Gregg'in göz rengi, saç rengi hakkında minnacık ip uçları dışında ben bir şeyler yakalayamadım. Belirli şeyler -kaşı mesela- sürekli tekrar etse de, Gregg'in yakışıklı olması dışında çok da bir şey yoktu. Ki bu beni biraz rahatsız etti. En azından adamın vücudundaki yaralar dışında birkaç şeye dikkat çekilmiş olsaydı, bence çok daha hoş olurdu diye düşünüyorum. 

  Birazcık daha içeri girersek, kitap beni sardı. "Her bitiş yeni bir başlangıçtır" sözü gibi, bitmiş bir öykü, yeni bir hikayeyi doğurdu ve bu da en başında, göze batmayacak şekilde yapıldı. 
Daha sonra, ilerleyen sayfalarda her önüme gelene "belki de katil budur?" diye yaklaştım ve katil hakkında hiçbir ip ucu olmaması karakterleri daha bir ayrıntıyla incelememe neden oldu.
Aleka dışındaki tüm karakterlere yaklaşımım aynıydı "katil mi acaba?" bir tek Aleka'da böyle bir şey ortaya çıkmadı.

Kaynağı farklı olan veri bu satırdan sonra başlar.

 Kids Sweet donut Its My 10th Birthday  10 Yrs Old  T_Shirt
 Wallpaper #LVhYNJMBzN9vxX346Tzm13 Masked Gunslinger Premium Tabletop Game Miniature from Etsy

Aleka ve Gregg konusuna gelirsek, Aleka karakteri o kadar iyi yazılmıştı ki! Objektif -her ne kadar kurgusal olsa da cinayet cinayettir- ve acemice olsa da, benim -ve bence çoğu diğer okuyucuların da- aklına gelmeyecek ayrıntılarla olayı zenginleştirdi ki bu aynı zamanda, kurgu için tamamlayıcı bir özellikti.
En başında da söylediğim gibi, Gregg kafayı cinayetlerle bozmuştu ve resmin tamamını görmekte zorlanıyordu.
Hiçbir ipucu olmadığı için belki de, en küçük ipucuna atlıyor ve onun üzerinden gidiyor. Bir yerden sonra, ona o ipucunu veren kişiyi sorgulamayı bırakıyor.
Böyle anlatıp, cinayetlerin üzerine devam edince, 484 sayfanın da o cinayet hakkında olduğu kanısına varılıyor, ancak cinayet sadece bir tanışma diyebiliriz. Gregg için söylersek, cinayetler yalnızca gerçekleri görmesine ve 2+2'yi toplamasına yaradı ve bence çok da güzel oldu.
Kitap beni alıp götürdü, son sayfaya kadar okudum. Bazen 'oha ne ara bu kadar okudum' dediğim de oldu, o kadar yani -ki burada abartı yok- Ancak bazı yerleri de tahmin etmek güç değildi. Ve ben birkaç yerde çok isabetli de olsa bunu yaptım -Dina meselesini tahmin etmiştim- 
Kitabı alacaksanız, benden size bir tavsiye, önce Amozon Kadınları'nı araştırın. Bir yerden sonra büyük bir bocalama yaşarsınız yoksa 
-Ve demin size büyük bir spoi verdim-  
Kısa da olsa, sanırım kitap için şimdilik yalnızca bunları söyleyebilirim Büşra Toraman'ın da, şimdiye kadar yayımlanmış tüm öykülerini okumanızı tavsiye ederim.